### TASK PROMPT:
Among the lines below, output only those between the line holding "Bin Saeed Stitched" and the line holding "M&S Womens Blue", inclusive, exactly as written and with no pictures.

START DATASET ENTRIES

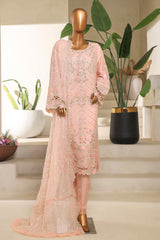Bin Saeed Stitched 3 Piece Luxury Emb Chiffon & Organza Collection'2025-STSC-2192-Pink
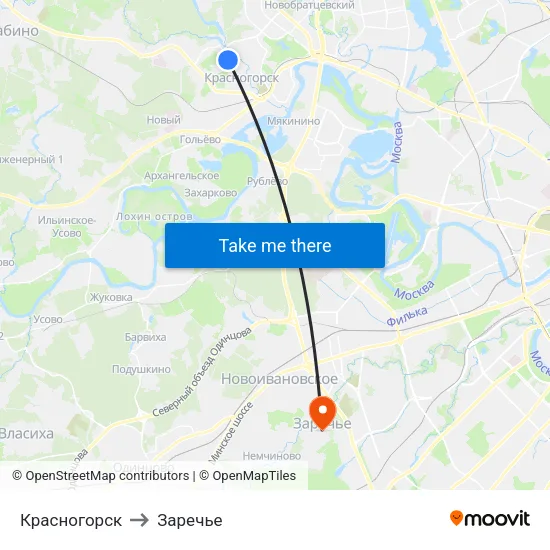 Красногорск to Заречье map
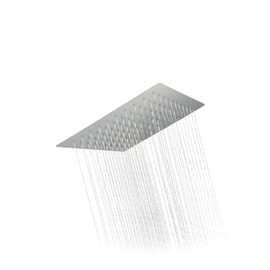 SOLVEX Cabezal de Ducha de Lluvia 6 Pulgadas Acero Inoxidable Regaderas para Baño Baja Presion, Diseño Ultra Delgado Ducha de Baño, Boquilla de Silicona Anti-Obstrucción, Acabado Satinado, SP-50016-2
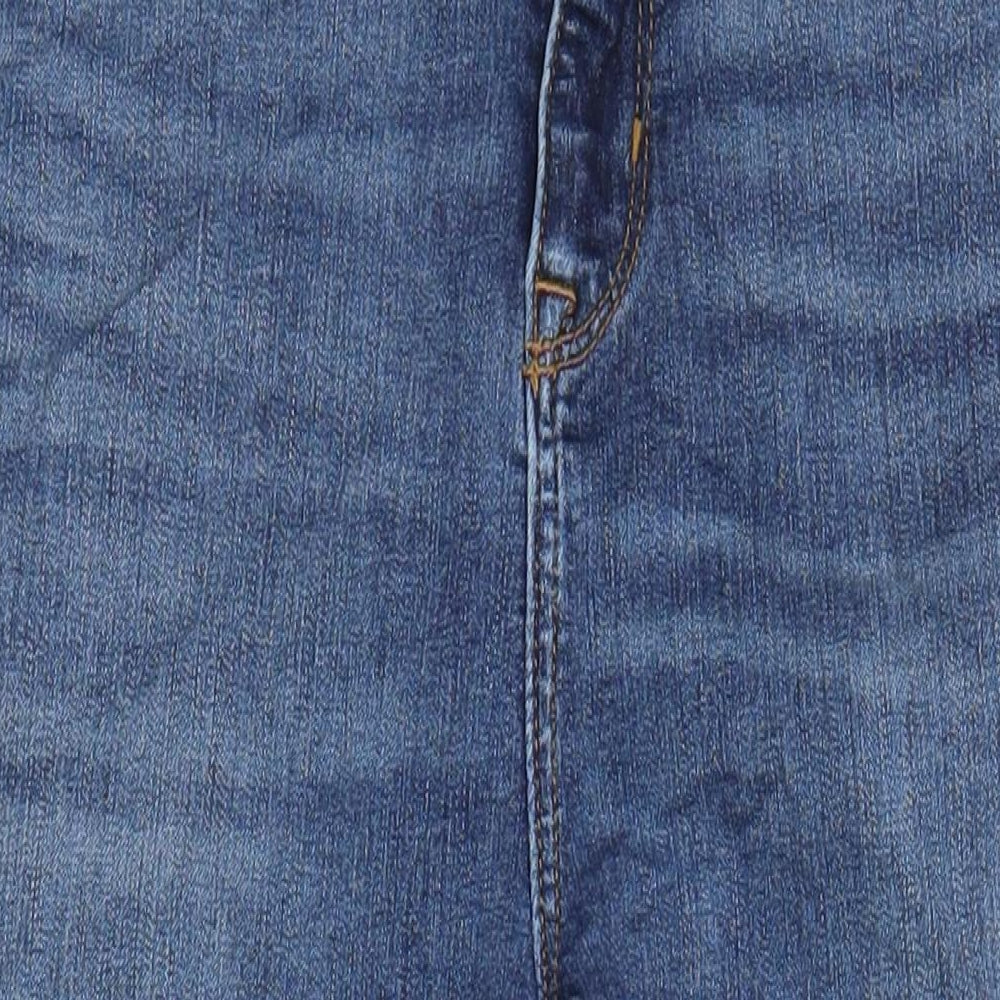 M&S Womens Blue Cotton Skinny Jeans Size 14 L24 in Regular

END DATASET ENTRIES
START DATASET ENTRIES

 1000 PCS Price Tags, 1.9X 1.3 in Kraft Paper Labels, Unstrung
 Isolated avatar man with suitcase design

END DATASET ENTRIES

### TASK ANSWER:
Bin Saeed Stitched 3 Piece Luxury Emb Chiffon & Organza Collection'2025-STSC-2192-Pink
 Красногорск to Заречье map
 SOLVEX Cabezal de Ducha de Lluvia 6 Pulgadas Acero Inoxidable Regaderas para Baño Baja Presion, Diseño Ultra Delgado Ducha de Baño, Boquilla de Silicona Anti-Obstrucción, Acabado Satinado, SP-50016-2
 M&S Womens Blue Cotton Skinny Jeans Size 14 L24 in Regular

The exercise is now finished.